- Opening Delimiter -
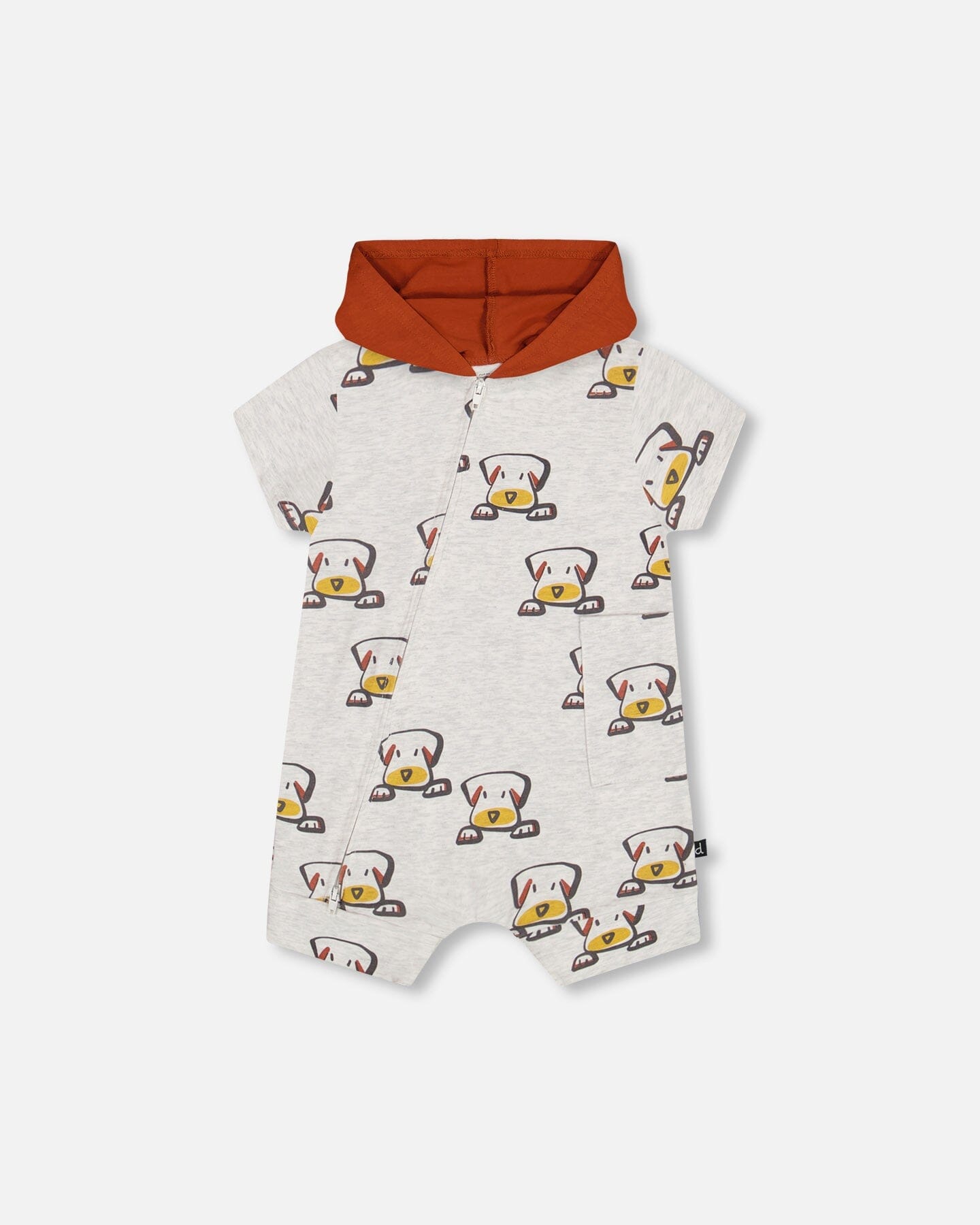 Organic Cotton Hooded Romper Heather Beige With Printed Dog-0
- Closing Delimiter -
- Opening Delimiter -
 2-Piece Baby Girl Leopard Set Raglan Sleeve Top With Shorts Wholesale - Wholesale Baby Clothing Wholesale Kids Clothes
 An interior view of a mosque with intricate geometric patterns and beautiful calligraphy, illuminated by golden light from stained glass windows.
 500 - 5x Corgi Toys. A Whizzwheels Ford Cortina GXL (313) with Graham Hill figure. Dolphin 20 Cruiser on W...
- Closing Delimiter -
**Assignment**
Start with the line above that contains "2-Piece Baby Girl" and end with the line that contains "500 - 5x Corgi". Write out those lines exactly, and only those.

**Task output**
 2-Piece Baby Girl Leopard Set Raglan Sleeve Top With Shorts Wholesale - Wholesale Baby Clothing Wholesale Kids Clothes
 An interior view of a mosque with intricate geometric patterns and beautiful calligraphy, illuminated by golden light from stained glass windows.
 500 - 5x Corgi Toys. A Whizzwheels Ford Cortina GXL (313) with Graham Hill figure. Dolphin 20 Cruiser on W...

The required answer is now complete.